**Collected data:**
▼

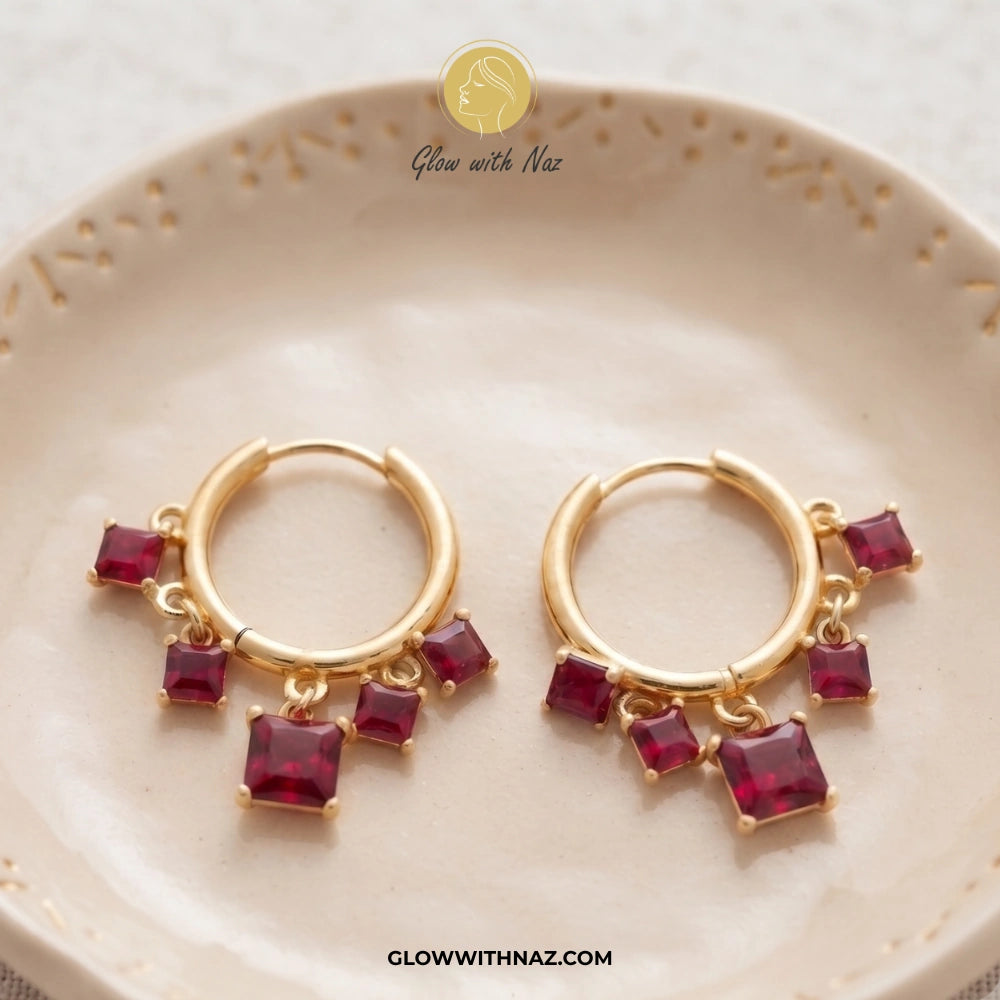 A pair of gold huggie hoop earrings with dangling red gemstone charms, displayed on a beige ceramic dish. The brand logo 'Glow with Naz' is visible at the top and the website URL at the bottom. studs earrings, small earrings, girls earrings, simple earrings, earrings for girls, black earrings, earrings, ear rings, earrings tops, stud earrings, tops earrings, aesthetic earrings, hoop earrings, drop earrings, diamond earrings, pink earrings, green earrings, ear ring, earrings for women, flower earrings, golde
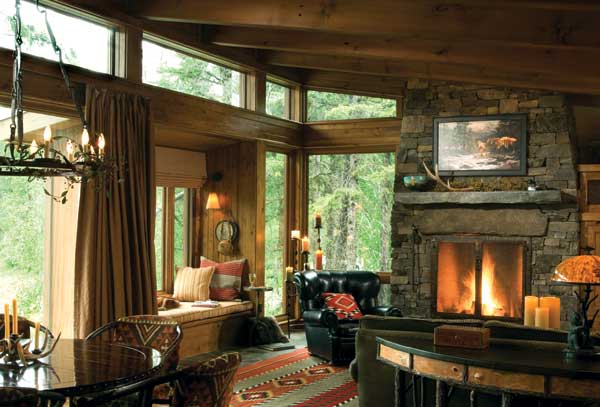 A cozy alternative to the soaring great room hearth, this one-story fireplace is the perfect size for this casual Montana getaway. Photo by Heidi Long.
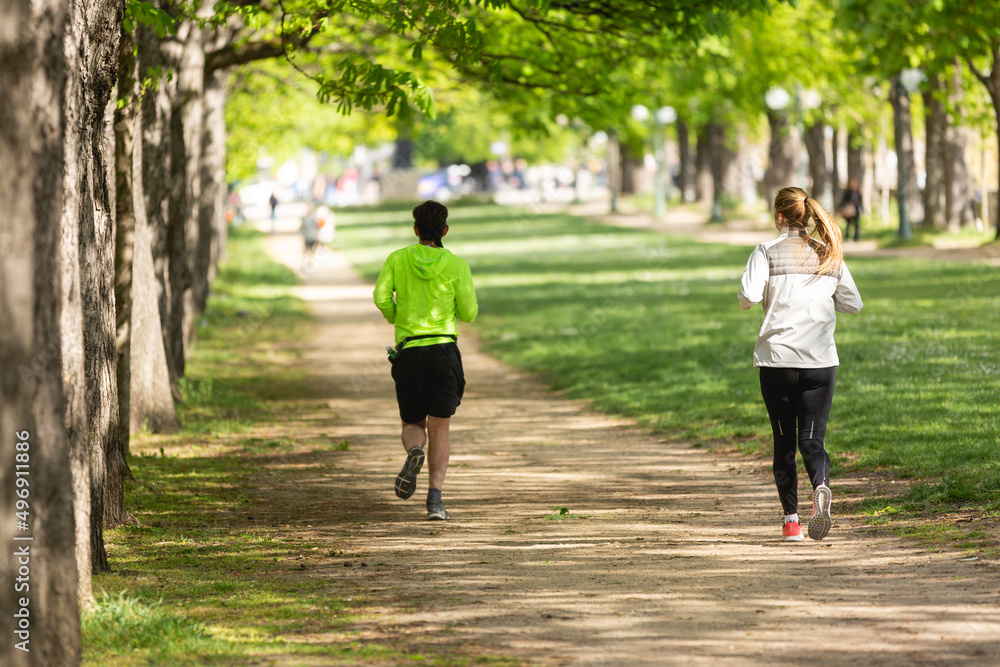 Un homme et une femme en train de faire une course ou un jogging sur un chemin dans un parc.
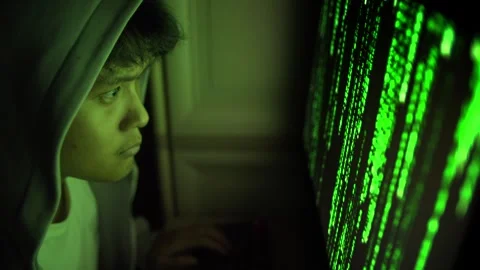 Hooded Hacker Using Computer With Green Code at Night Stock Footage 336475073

▲

**Task prompt:** Would you return the material exactly, images excluded?

**Answer area:**
 A pair of gold huggie hoop earrings with dangling red gemstone charms, displayed on a beige ceramic dish. The brand logo 'Glow with Naz' is visible at the top and the website URL at the bottom. studs earrings, small earrings, girls earrings, simple earrings, earrings for girls, black earrings, earrings, ear rings, earrings tops, stud earrings, tops earrings, aesthetic earrings, hoop earrings, drop earrings, diamond earrings, pink earrings, green earrings, ear ring, earrings for women, flower earrings, golde
 A cozy alternative to the soaring great room hearth, this one-story fireplace is the perfect size for this casual Montana getaway. Photo by Heidi Long.
 Un homme et une femme en train de faire une course ou un jogging sur un chemin dans un parc.
 Hooded Hacker Using Computer With Green Code at Night Stock Footage 336475073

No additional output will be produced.